Task description:
Starting with the line that holds "Used Ford Escort" and stopping after the line that holds "Appartement lumineux de", repeat the lines below word for word, without the pictures.

Task data:
[Start of Attachment]

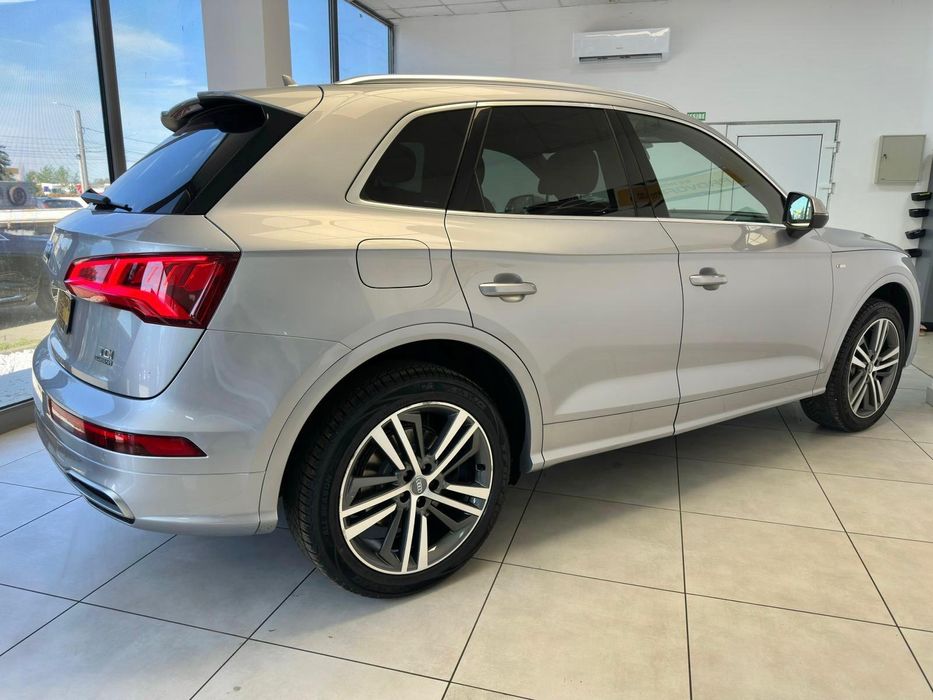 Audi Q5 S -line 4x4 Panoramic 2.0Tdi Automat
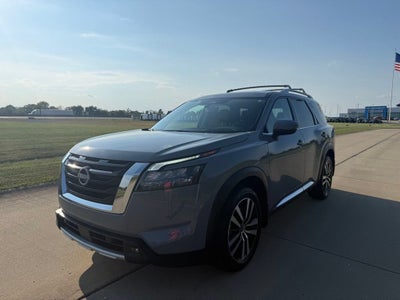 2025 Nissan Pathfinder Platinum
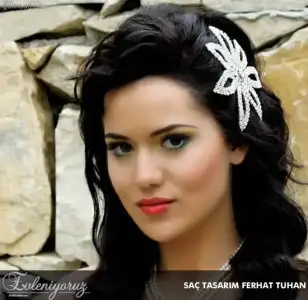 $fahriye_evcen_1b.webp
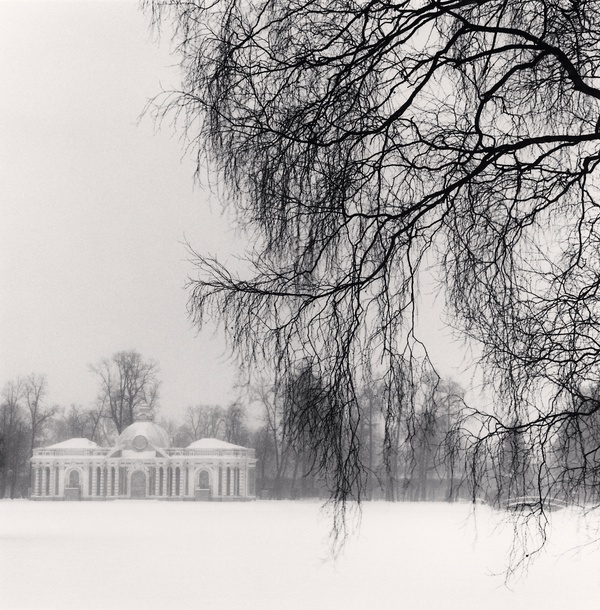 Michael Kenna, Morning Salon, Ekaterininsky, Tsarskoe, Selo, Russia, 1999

[End of Attachment]
[Start of Attachment]

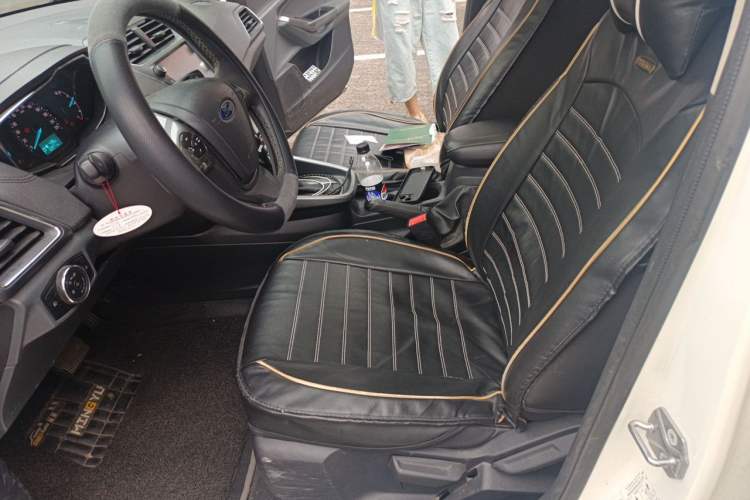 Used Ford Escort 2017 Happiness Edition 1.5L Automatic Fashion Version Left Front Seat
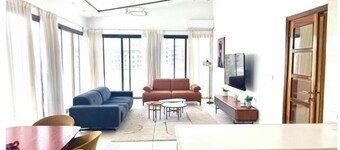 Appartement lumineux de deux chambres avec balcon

[End of Attachment]
[Start of Attachment]

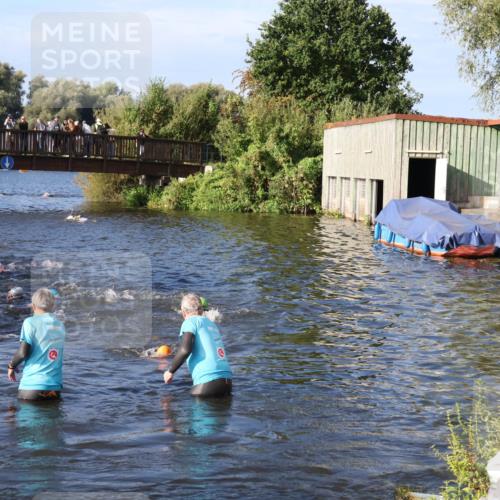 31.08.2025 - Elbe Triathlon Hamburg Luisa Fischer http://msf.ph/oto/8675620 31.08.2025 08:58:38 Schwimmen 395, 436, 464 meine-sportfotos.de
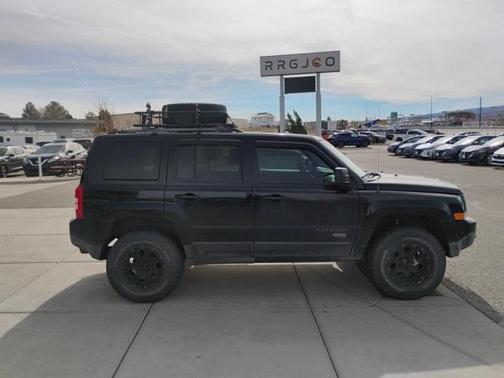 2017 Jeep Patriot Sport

[End of Attachment]

Result below:
 Used Ford Escort 2017 Happiness Edition 1.5L Automatic Fashion Version Left Front Seat
 Appartement lumineux de deux chambres avec balcon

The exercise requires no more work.